Hesse's hydropower operators anxious water protection decree will stifle business model
Hydropower plant operators in the central German state of Hesse are fighting what they consider to be too strict and unjustified environmental regulations, the Frankfurter Allgemeine Zeitung reports. A minimum water decree that limits the amount of water in the mill ditch in order to protect the rivers' ecosystem's has been in force in the state for several years and is blamed for decreasing the electricity generation and therefore the income of plant operators. According to the Working Group of Hessian Hydroelectric Power Plants (AHW), a large part of the 621 water mills are threatened with extinction due to the minimum water decree.
Hydropower only accounts for three to four percent of electricity generation in Hesse, but "hydropower electricity is not measured by the number of kilowatt hours, but by the quality of the electricity”, AHW chairman Helge Beyer told the newspaper. It is generated continuously and can compensate for fluctuations in wind and sun power generation. Although hydropower is a completely carbon-free way of producing energy, environmentalists are critical of it. The German branch of Friends of the Earth (BUND) recently declared that the minimum water decree protects fish in streams and rivers from dying en masse due to climate change-induced water scarcity.

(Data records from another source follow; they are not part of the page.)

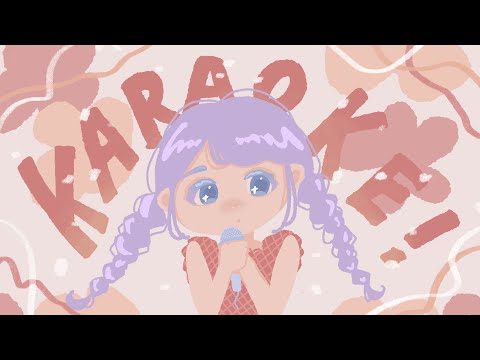 【karaoke】深夜にカラオケ失礼【vtuber】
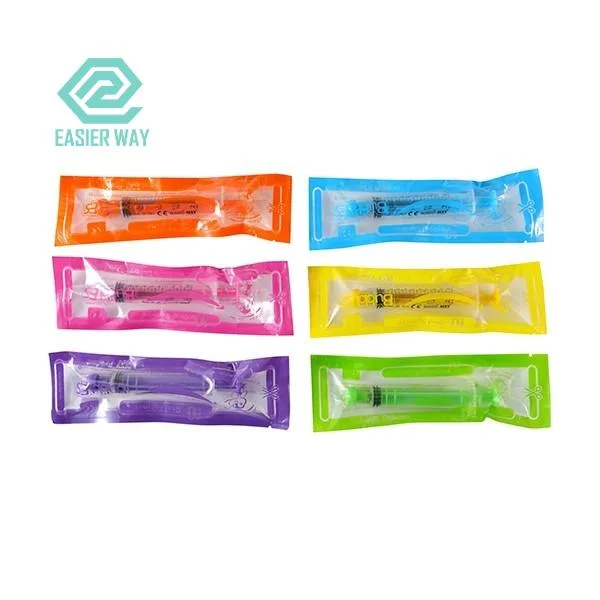 Original Factory Different Sizes Oral Feeding Syringes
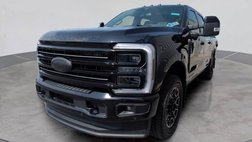 2026 Ford Super Duty F-250 Platinum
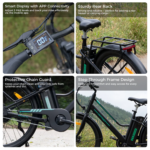 HITWAY BK8SL 27.5 inch Electric Bike - Image 5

A spokeswoman for the Ministry of the Environment (BMU) said that renewable energies must be promoted, while at the same time everything possible must be done to preserve biodiversity. "Electricity from hydropower is sustainable if the negative effects on the aquatic ecology do not outweigh the negative impacts. The EU Water Framework Directive, which prescribes that streams and rivers must be brought into a good condition, is also behind this,” she told FAZ.